» Your instructions:
The first line of the listing opens the range and the line with "Zelené šaty se" closes it; repeat those lines and all between them word for word, leaving out the pictures.

+++ Data excerpt

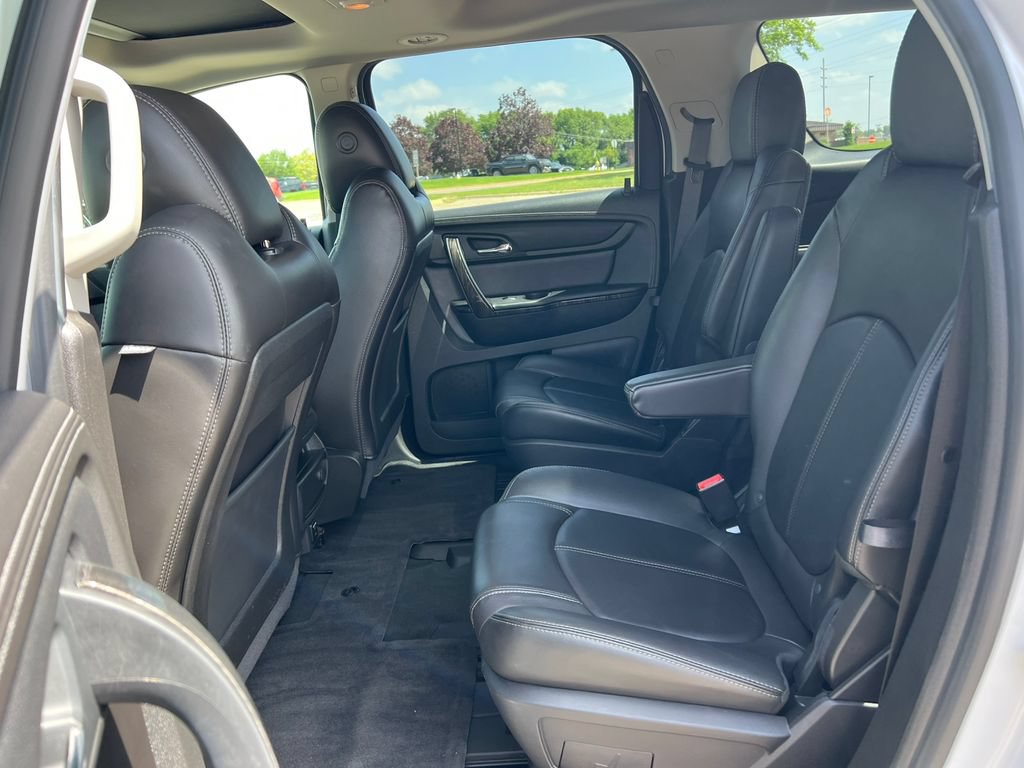 Used 2016 GMC Acadia SLT w/ Premium Edition FWD image 4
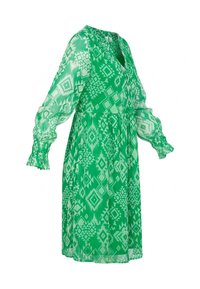 Zelené šaty se vzorem, dlouhými balónovými rukávy, výstřihem do V a splývavou siluetou se geometrickými vzory v různých odstínech zelené.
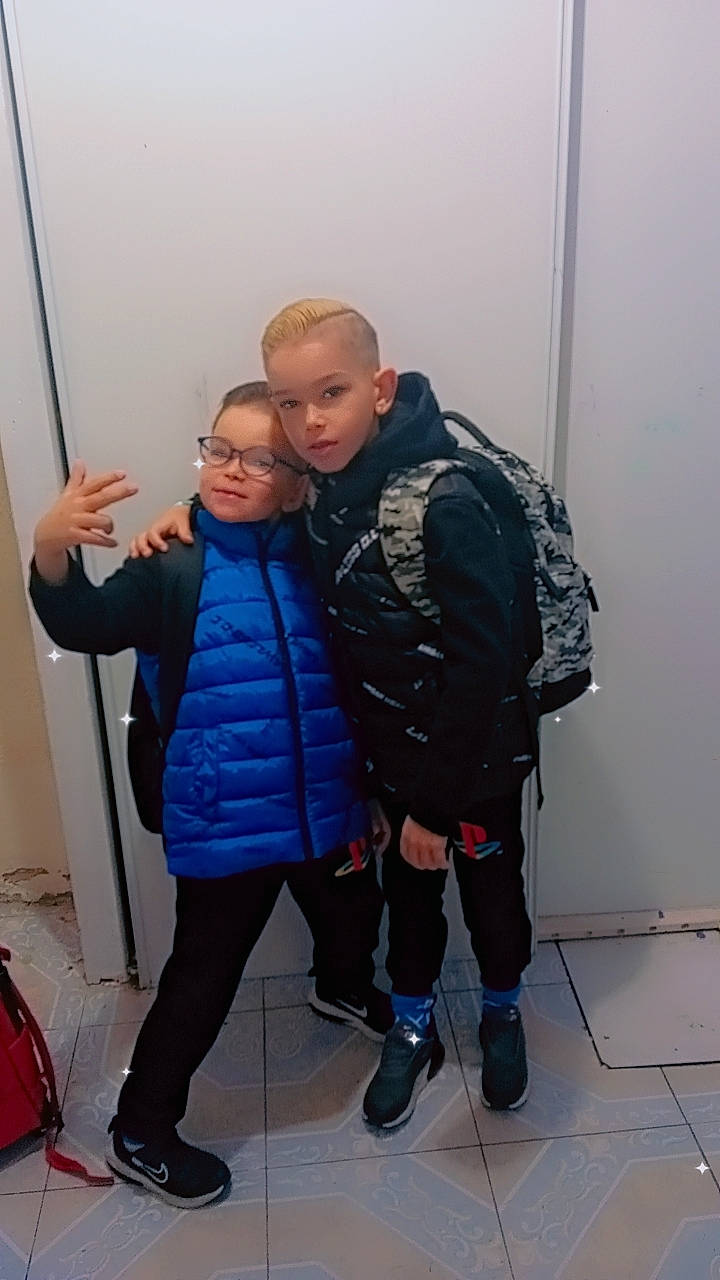 Joseph a rejoint le concours — aidez-le/la à gagner de superbes lots ! backpack, bag, boot, child, electric_blue, event, flooring, fun, jacket, knee, leg, leisure, luggage_and_bags, person, personal_protective_equipment, room, shoe, sneakers, standing, vertebrate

++++++

» Result:
 Used 2016 GMC Acadia SLT w/ Premium Edition FWD image 4
 Zelené šaty se vzorem, dlouhými balónovými rukávy, výstřihem do V a splývavou siluetou se geometrickými vzory v různých odstínech zelené.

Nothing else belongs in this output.